А что это я здесь делаю? Путь журналиста | страница 66
Лу давал мне конверт с пятью тысячами долларов в стодолларовых купюрах. Я передавал его Герштейну. А тот – Гаррисону. Однако то ли вторая, то ли третья выплата – уже не помню точно какая – пришлась на тот момент, когда я никак не мог связаться с Герштейном. Да тут еще у меня возникли проблемы с налогами. Поэтому я позвонил Лу и спросил, нельзя ли мне использовать эти деньги для уплаты налогов. Мне должны были вот-вот поступить деньги, и я сказал Лу, что, как только они поступят, я передам пять тысяч долларов Герштейну.

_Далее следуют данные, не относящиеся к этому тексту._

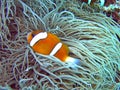 Nemo Royalty Free Stock Photo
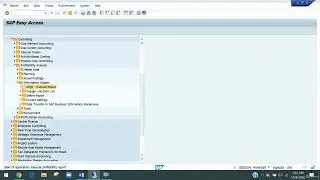 COPA Report Painter Reports #sapficotutorialforbegginers #sap #costing #sapco #KE30REPORT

Лу сказал, что согласен и все в порядке.
Вскоре после этого Лу обвинили в продаже незарегистрированного пакета акций. Дело было очень запутанным.
Однако он начал понимать, что, для того чтобы не попасть в тюрьму, своих адвокатов ему будет недостаточно. Мы были вместе, когда его секретарь принял телефонный звонок от судьи Верховного суда Эйба Фортаса.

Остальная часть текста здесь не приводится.